ASSIGNED TASK = All lines from the one containing "Nastram Suites Oia" through the last line of the listing below are to be copied exactly. Exclude the pictures.

DATA FOR THIS TASK =
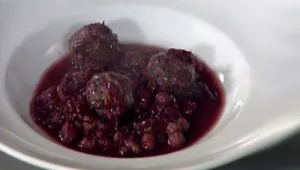 קציצות כבש ברוטב דובדבנים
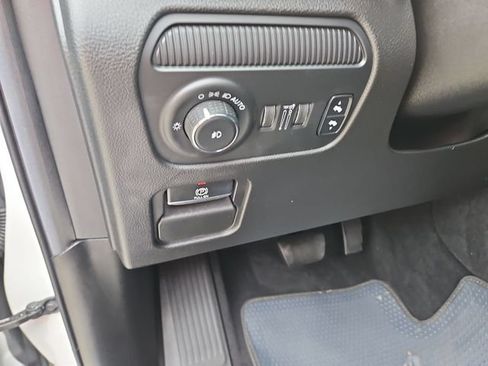 Used 2022 Jeep Wagoneer Series I w/ Premium Group I AWD/4WD image 18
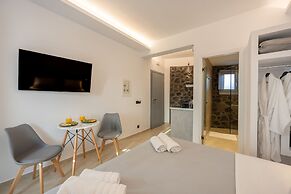 Nastram Suites Oia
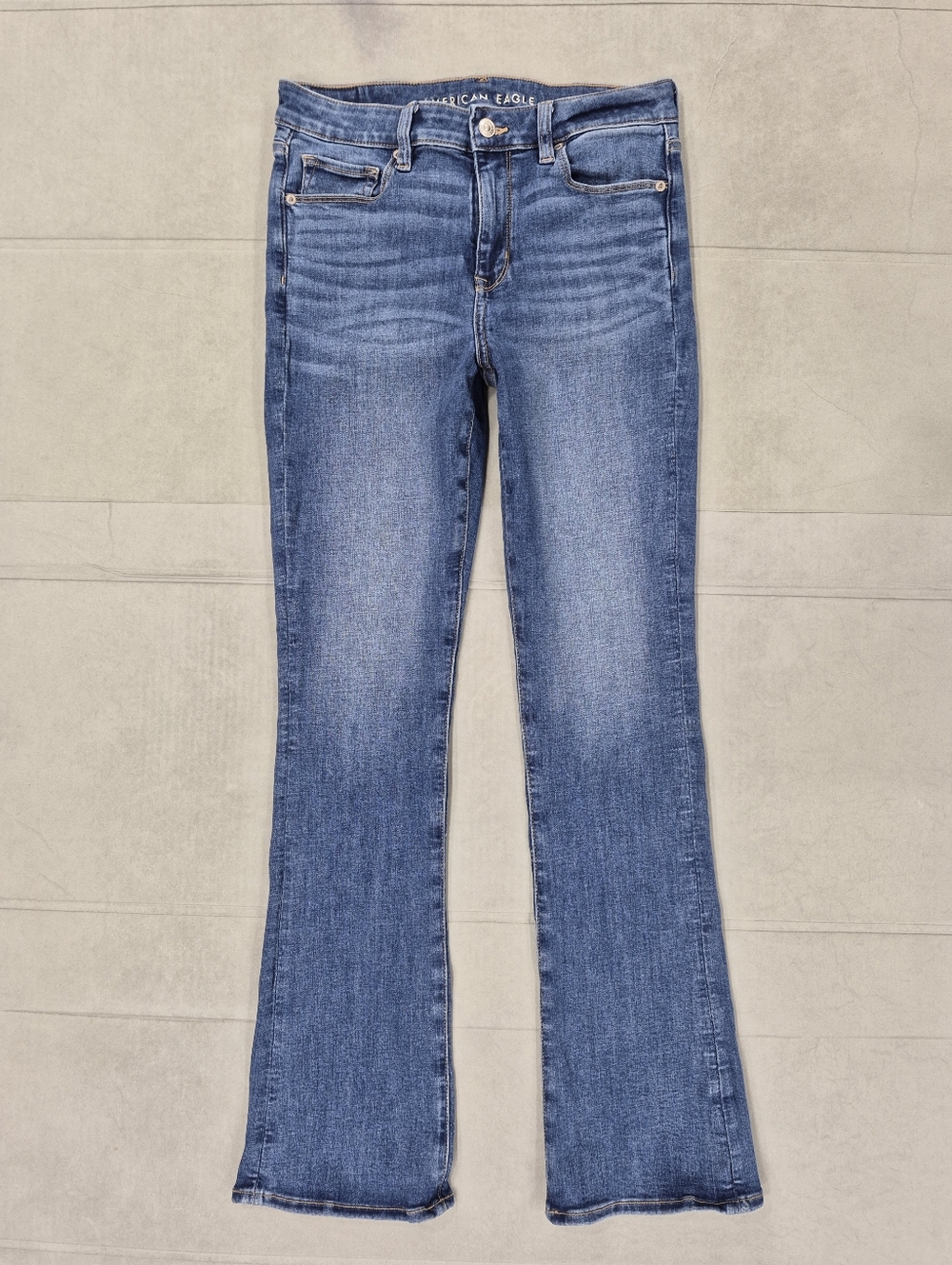 American Eagle jeans women's 8 Hi-Rise Skinny Kick Next Level Stretch Bootcut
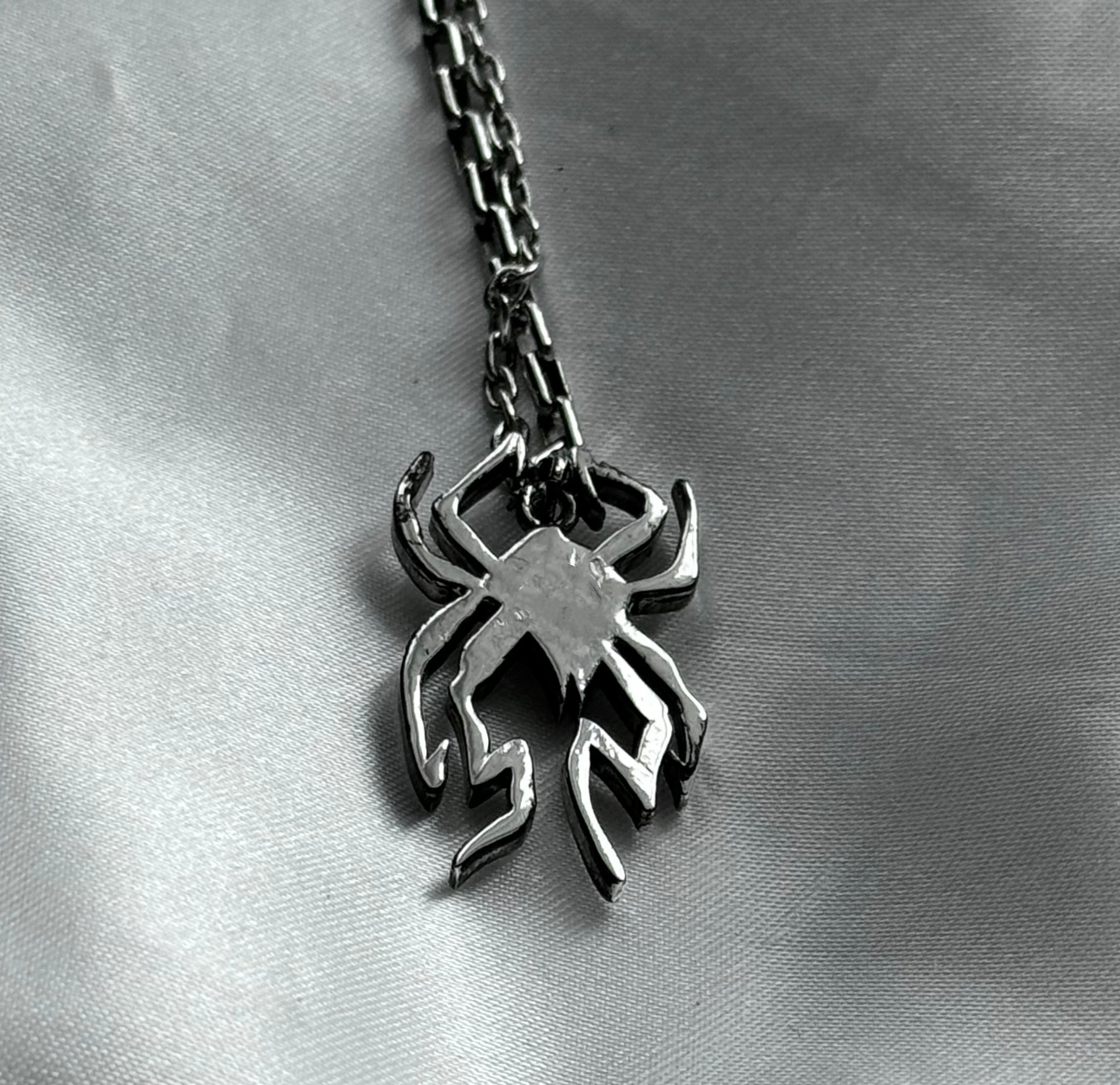 gibous spider black stone necklace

EXERCISE OUTPUT =
 Nastram Suites Oia
 American Eagle jeans women's 8 Hi-Rise Skinny Kick Next Level Stretch Bootcut
 gibous spider black stone necklace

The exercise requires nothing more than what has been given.